Oh yeah, and I accidently let half our quail run away. Good times. Good times.
But We Keep Plodding Away
So without potatoes growing and half a million other problems, I moved on to planting the bazillion squash (And other) starts I had under my grow lights. I repurposed the space where the potatoes had been planted and never sprouted. I mean it was mid-May FFS. Time to let it go and move on. Of course right after planting all those squash we had to spend a week dealing with freezing temps that required buckets and plastic on, buckets and plastic off, rinse and repeat while in huge windstorms and pelting rains. I may have gotten in a fight with Adam and cried in the shower after the stress of likely losing all the vegetable starts I had been coddling for three months. We shall suffice to say: Why we lash out at the ones we love the most when stressed, I’ll never know, but at this point in my life I just know it is fact.
Fast forward to the first week in June.
Nope, fuck that, lets rewind. Because when they put the entire city under curfew and I watched (via live stream) while hearing (in real time) my neighbors being tear gassed. Yeah, I just couldn’t handle it.
The divisiveness when we should come together. The mask versus no mask. The black versus white. The casual cruelty. The fact that I wrote a friend in Canada about the rioting a mile from our home with casual ease. As if these things were okay. Trust me, she called my ass to attention on that matter and asked me what the hell was wrong with me? Why wasn’t I more upset and scared and enraged.
A simple answer: you reach a saturation point.
Also, I think a lot of homesteaders are practical. Our gardens die, our livestock get sick, hours of canning can be ruined by a busted glass jar… Like everything else in life I just tackled it head on. We talked with the kids about covid, racism, economic status, and a host of the world’s ills. Then we set the expectation that we will do better and not worry what others are doing. We will wear our masks and be polite to those that don’t. We will support melanated voices and business with our money and celebrate everyone’s effort toward a just cause instead of judging the efforts of others.
We will plant our goddamn squash over the graveyard of our failed potatoes.

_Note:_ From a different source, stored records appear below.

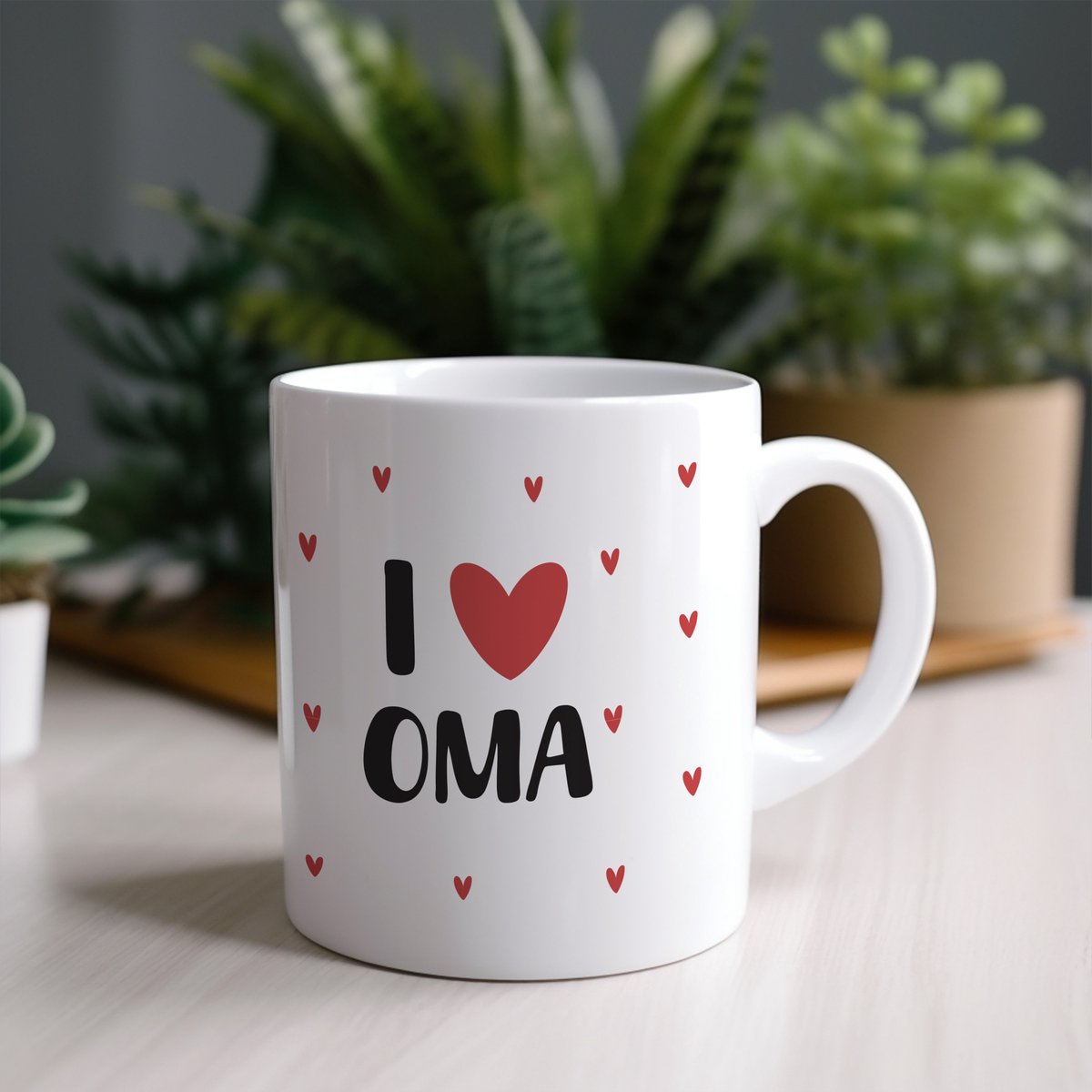 Mok – I Love Oma – Keramiek – 325 ml – Cadeau
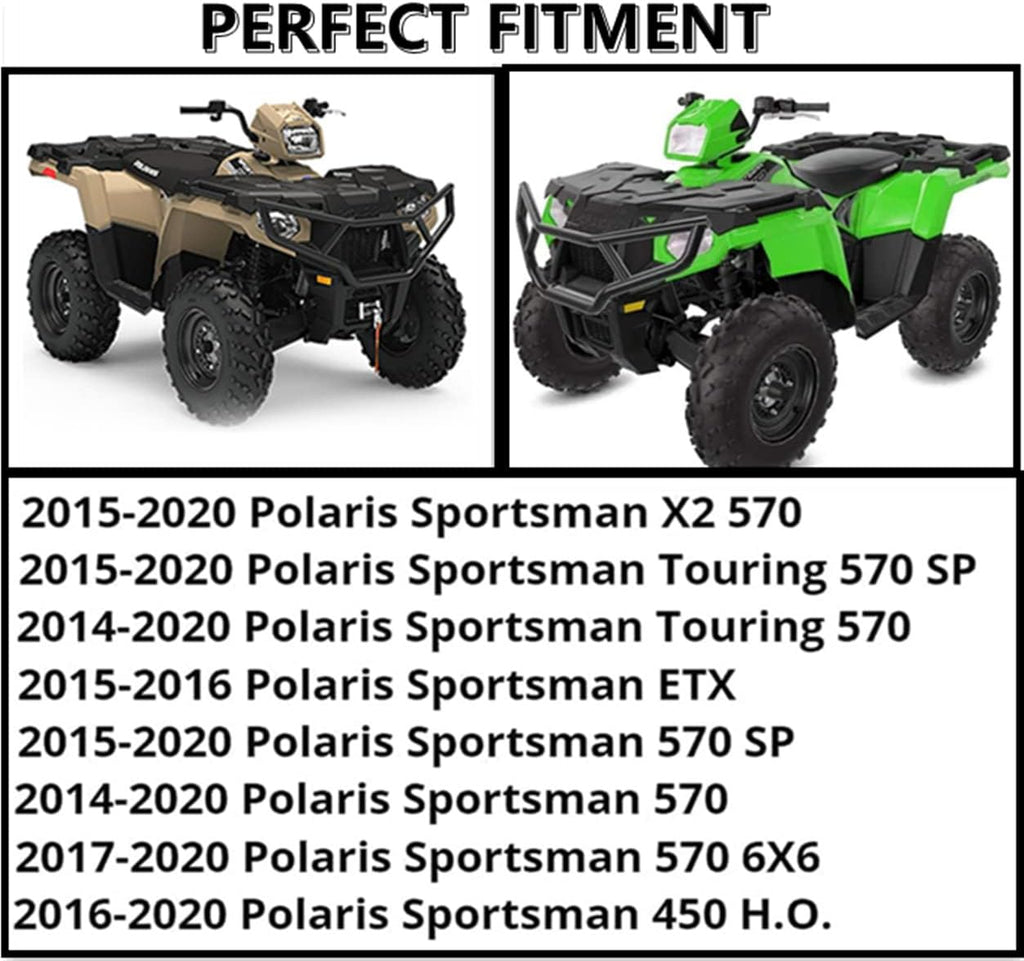 ATV Front and Rear Brush Bumper Protector, 2pcs J667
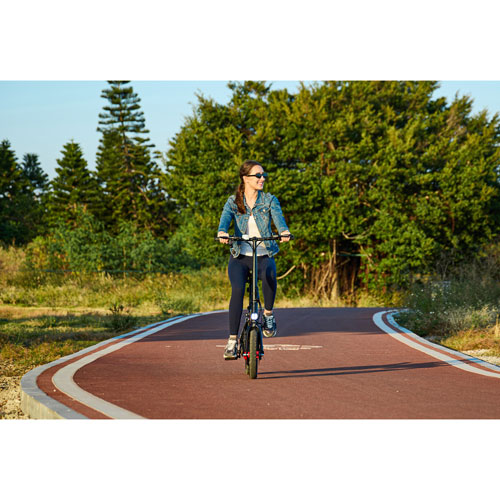 GoPowerBike GoBlitz Foldable Electric City Bike- Black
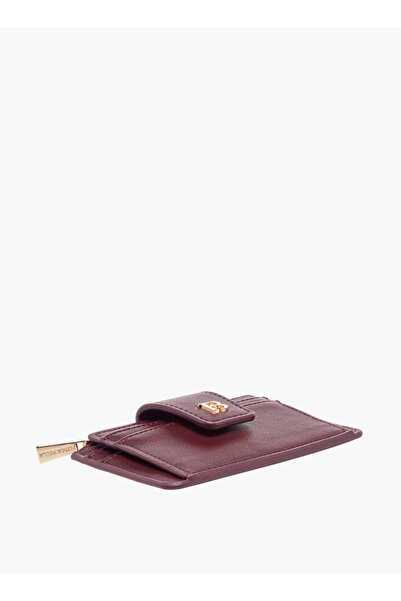 Flora Bella by Shoexpress Solid Card Holder with Snap Button Closure - H 8 x W 12.3 x 2.5 cms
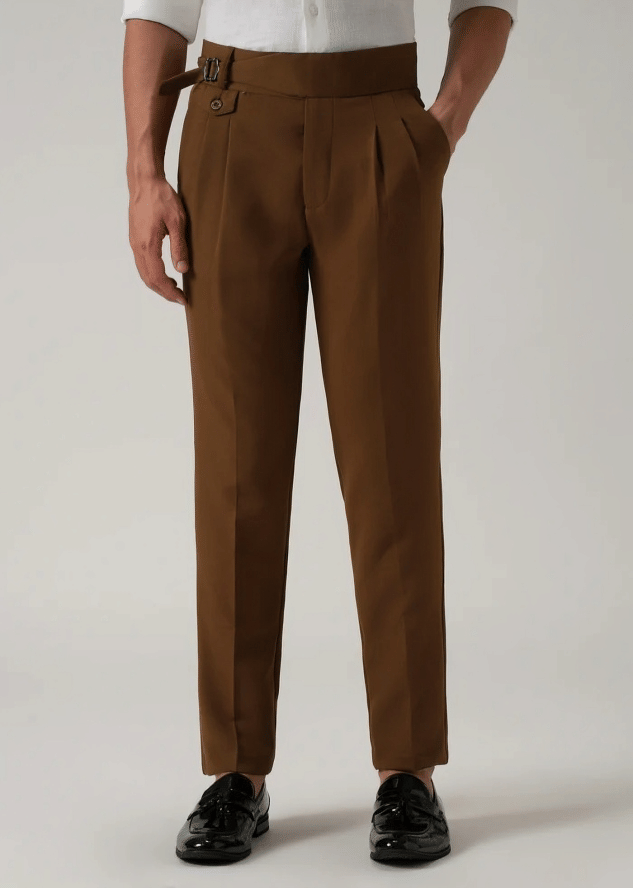 ARBIA FUNKI Regular Men's Gurkha Pant - Blue ( Pack of 1 ) - Trousers | Buy online on ZillyBuy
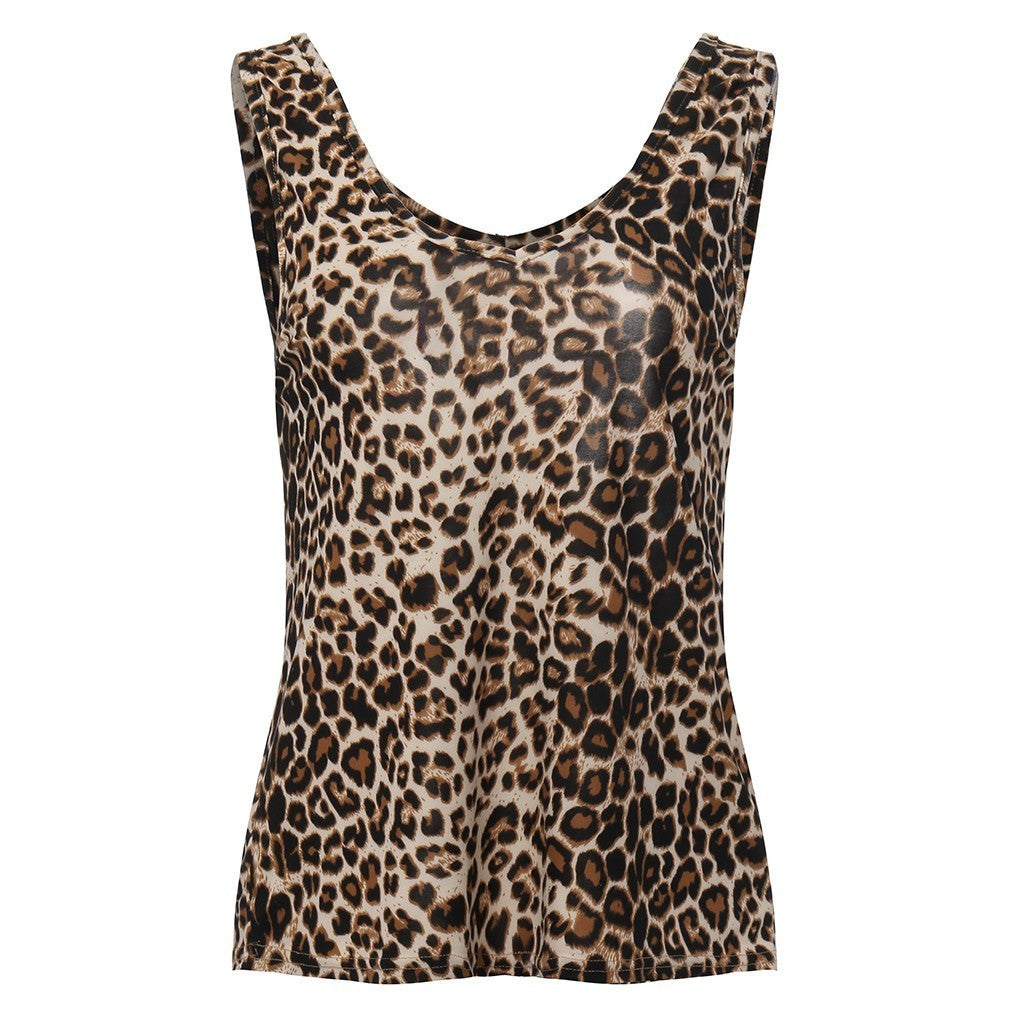 Camisole ample imprimée grande taille pour femme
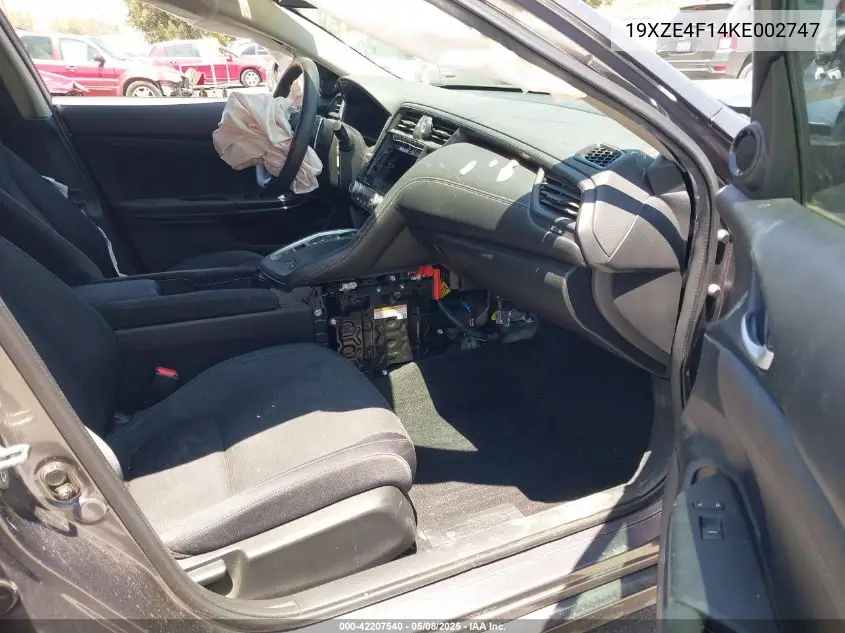 2019 Honda Insight Lx VIN: 19XZE4F14KE002747 Lot: 42207540
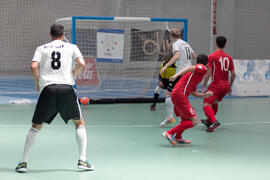 Partido Georgia contra Alemania. 14º Campeonato del Mundo Universitario de Fútbol Sala 2014 (FUTSAL). Antequera. Julio de 2014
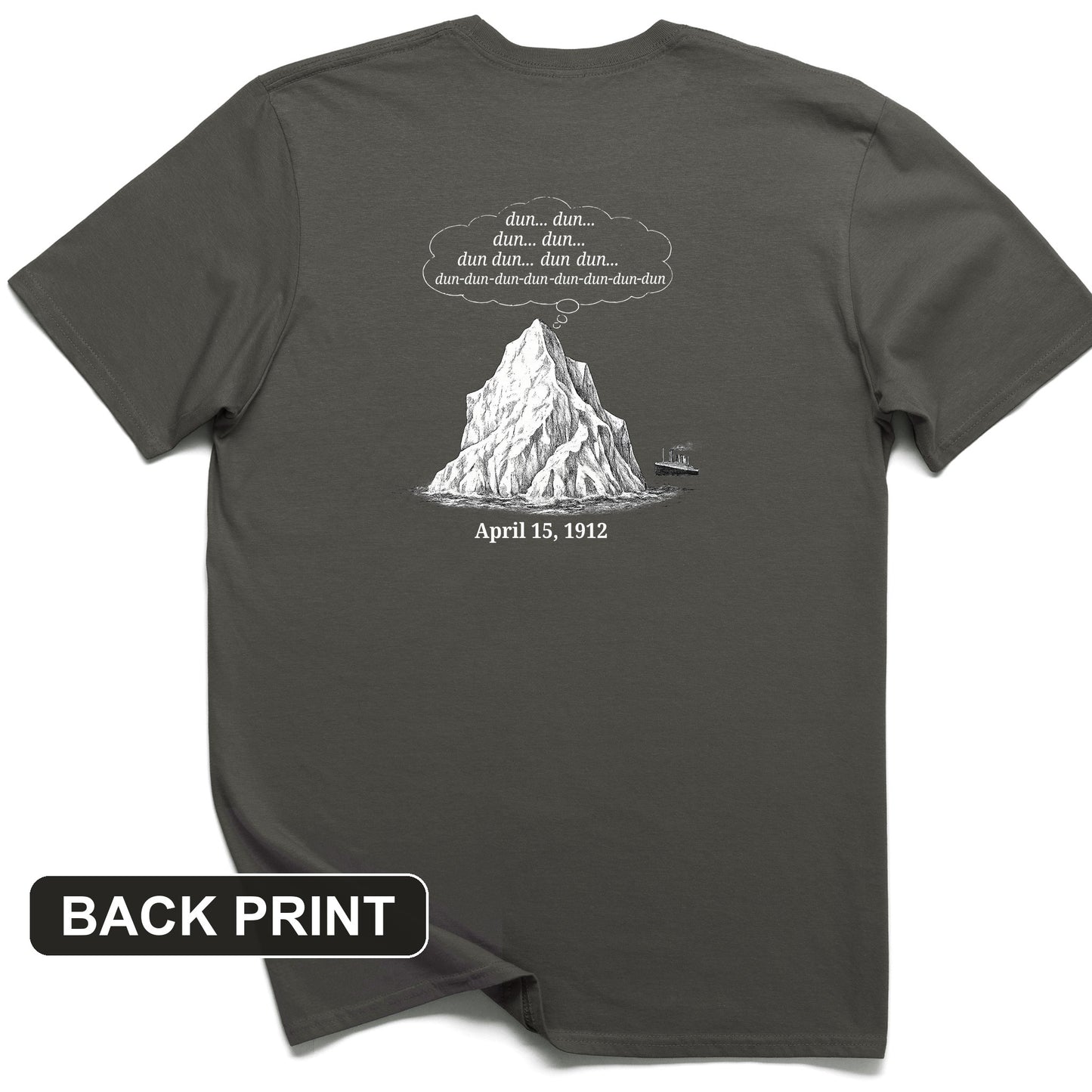 Iceberg Jaws Back Print T-Shirt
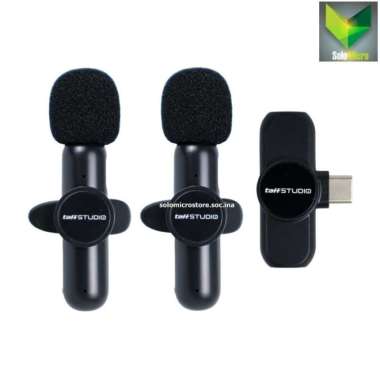 TaffSTUDIO Mikrofon Microphone Wireless Lavalier Mic USB Type C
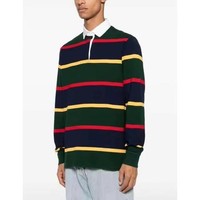 Camisetas Polo a Rayas de Excelente Calidad para Hombre, Corte Ajustado, Logotipo Bordado Personalizado, Manga Larga, Ropa Masculina 2026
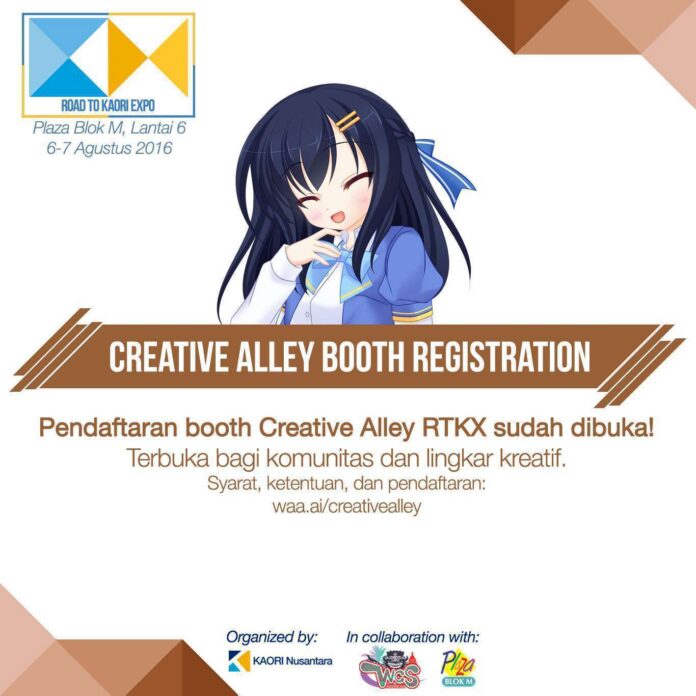 creative alley road to kaori expo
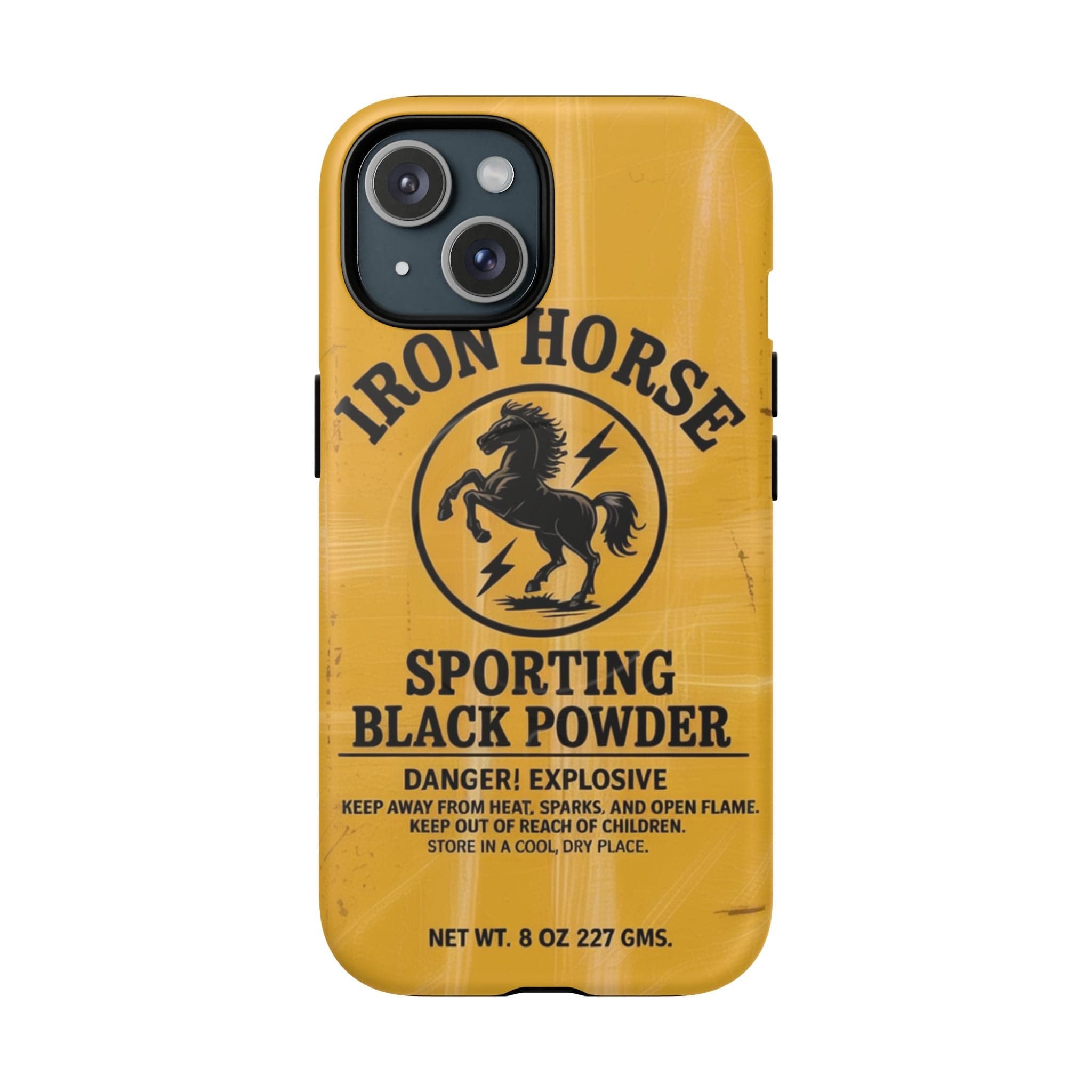 Iron Horse Black Powder Tough Magnetic iPhone Case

And With That We Find June.
First, most of the plants made it. I still have two really stunted tomatoes and one squash that is tiny from the frost. I lost a few things here and there, but overall the garden seems to be hitting its stride. Despite my warm shower tears in early spring our losses weren’t great. Everything gardenwise is going well except for the flea beetles on the eggplant, and the curl leaf aphids on the apple, and all the usual host of bullshit we deal with on a yearly basis. At least the bear isn’t eating my swiss chard at the moment… And yes, this is a thing.
And our own potato famine? Well it appears to be over because the fun in fiasco is that I now have potatoes in my squash.
That folks is how you make seed potatoes from grocery store potatoes. So now you can finally bask in my garden brilliance all these months later.
The. Fucking. End. (And summer gardening beginning).